Source information =>
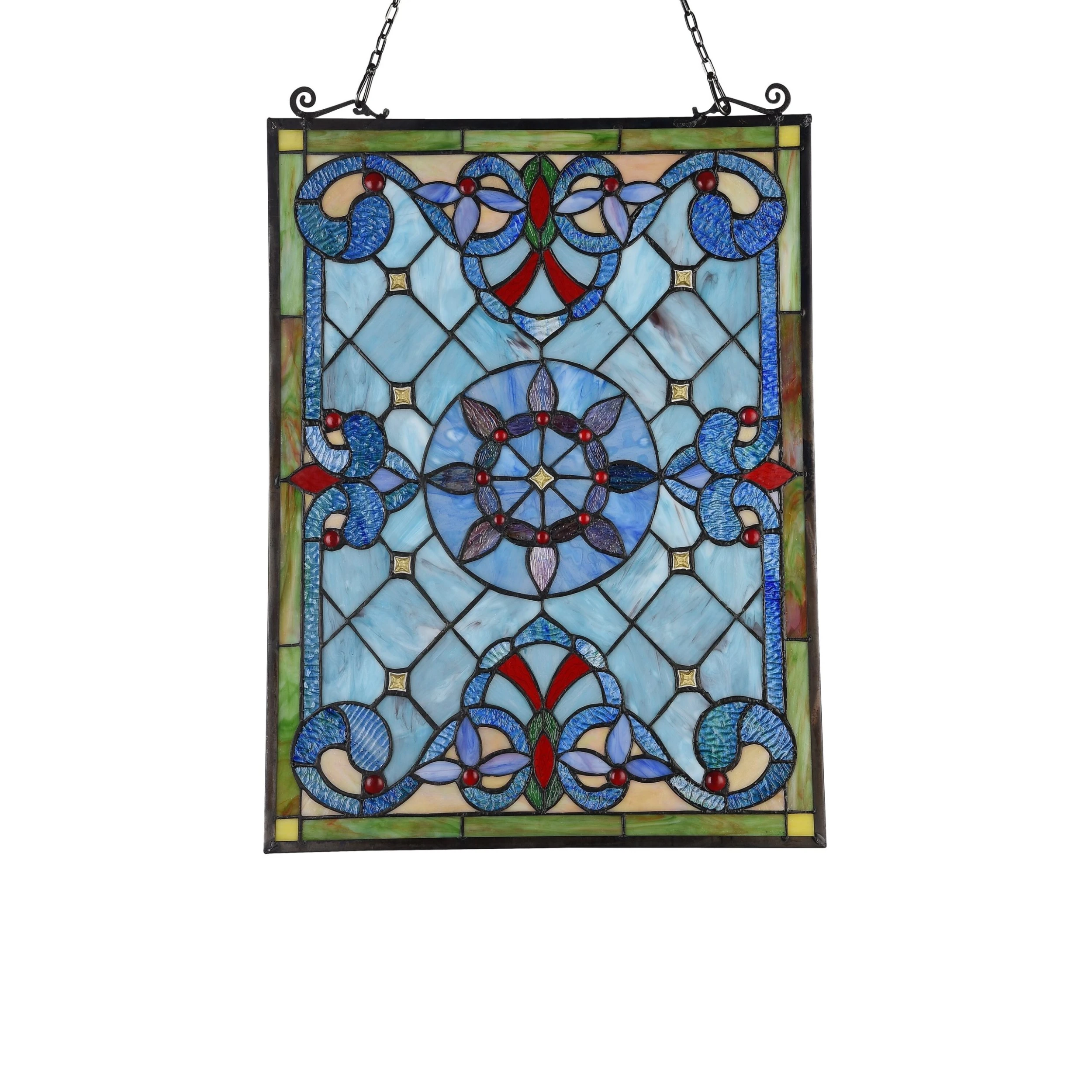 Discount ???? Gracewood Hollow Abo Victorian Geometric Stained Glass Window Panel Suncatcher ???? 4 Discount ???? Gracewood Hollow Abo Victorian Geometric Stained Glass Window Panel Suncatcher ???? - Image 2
...
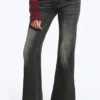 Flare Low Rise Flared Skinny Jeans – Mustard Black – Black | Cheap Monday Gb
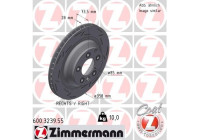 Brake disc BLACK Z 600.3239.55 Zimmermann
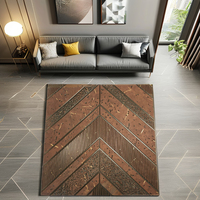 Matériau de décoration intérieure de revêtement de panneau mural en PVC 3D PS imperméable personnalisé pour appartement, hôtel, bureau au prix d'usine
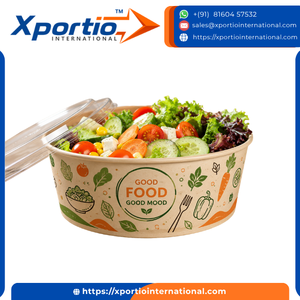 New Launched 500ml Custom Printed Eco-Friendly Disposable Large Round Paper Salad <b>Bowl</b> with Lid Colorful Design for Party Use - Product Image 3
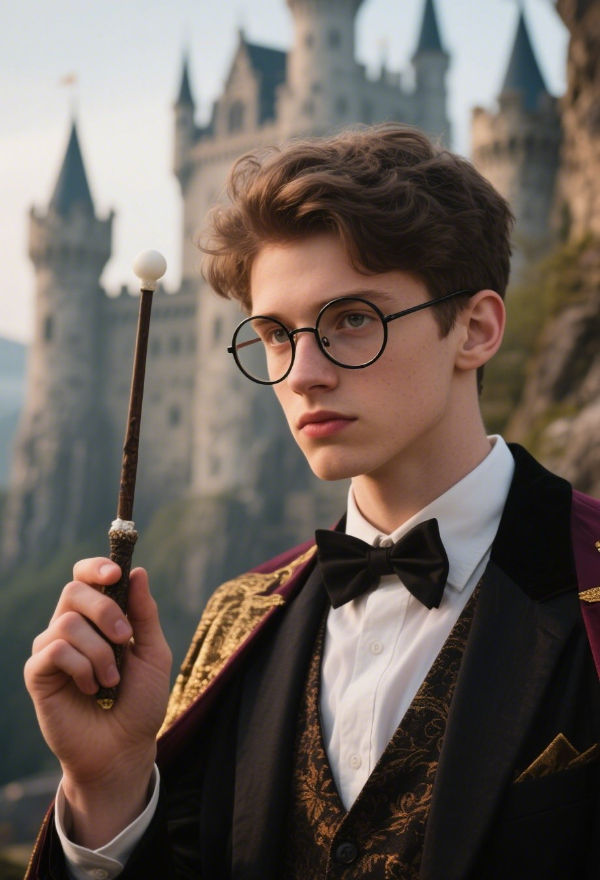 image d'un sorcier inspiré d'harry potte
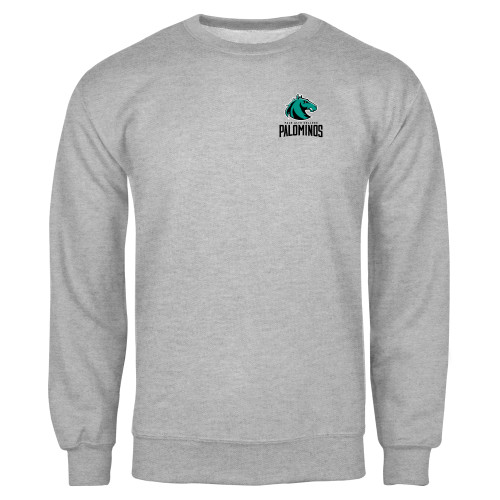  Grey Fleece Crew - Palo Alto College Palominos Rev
---
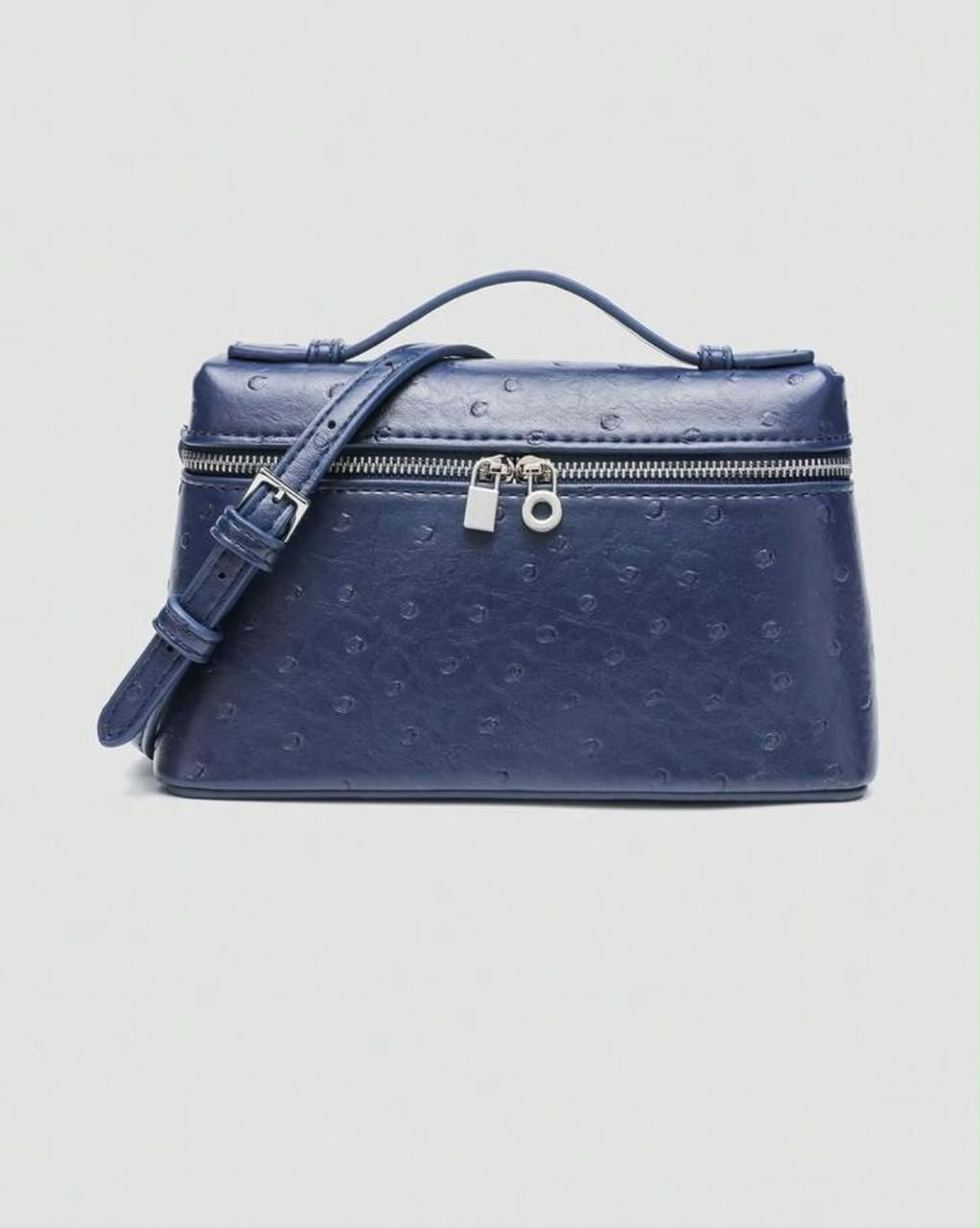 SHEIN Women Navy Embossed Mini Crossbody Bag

What to do => Could you transcribe exactly the entries above, but only the lines from the one with "New Launched 500ml" through the one with "Grey Fleece Crew", and without pictures?

Result of this task =>
 New Launched 500ml Custom Printed Eco-Friendly Disposable Large Round Paper Salad <b>Bowl</b> with Lid Colorful Design for Party Use - Product Image 3
 image d'un sorcier inspiré d'harry potte
  Grey Fleece Crew - Palo Alto College Palominos Rev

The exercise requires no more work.